Funding announcements / new donor commitments: Whether other wealthy nations, Gulf states or private donors step up could determine whether the “last-mile” push succeeds or stalls.

Deployment of new tools — vaccines, AI systems, digital health infrastructure: Success will depend on not just pledges, but implementation on the ground — from immunization drives to malaria bed-nets, surveillance systems, and health-service access.

Stability and support in endemic countries: Political and logistical cooperation, conflict resolution, local health-system strengthening, and community trust will remain critical.

Conclusion

Bill Gates’s 2025 visit to Abu Dhabi and renewed plea for polio and malaria eradication comes at a precarious moment — just as global funding for health faces cuts, while old diseases continue to threaten gains made over decades. The world stands at a crossroads: either let preventable diseases resurge, or double down with new commitments, innovative tools, and strategic partnerships.

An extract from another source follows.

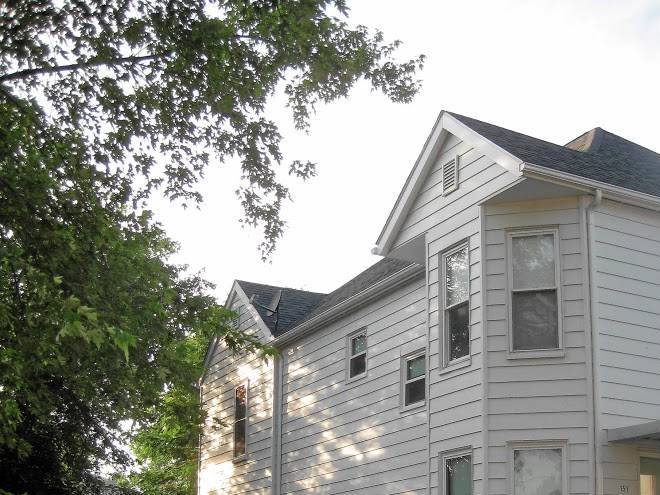 Mill run lodging and offices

In this landscape, the UAE emerges not just as a donor, but as a broker of change — bridging continents, resources, technology and influence. Its partnership with the Gates Foundation represents a powerful model: combining philanthropy, geopolitical reach, innovation and compassion. If this collaboration delivers, it may mark the beginning of the end for diseases like polio and malaria.

As Gates said, more than once: “It’s not that I care about being remembered — it’s that I care about saving lives.”

If the world rallies together now — with financial commitments, political will, and global solidarity — perhaps one day not far from now, polio and malaria will be diseases of the past.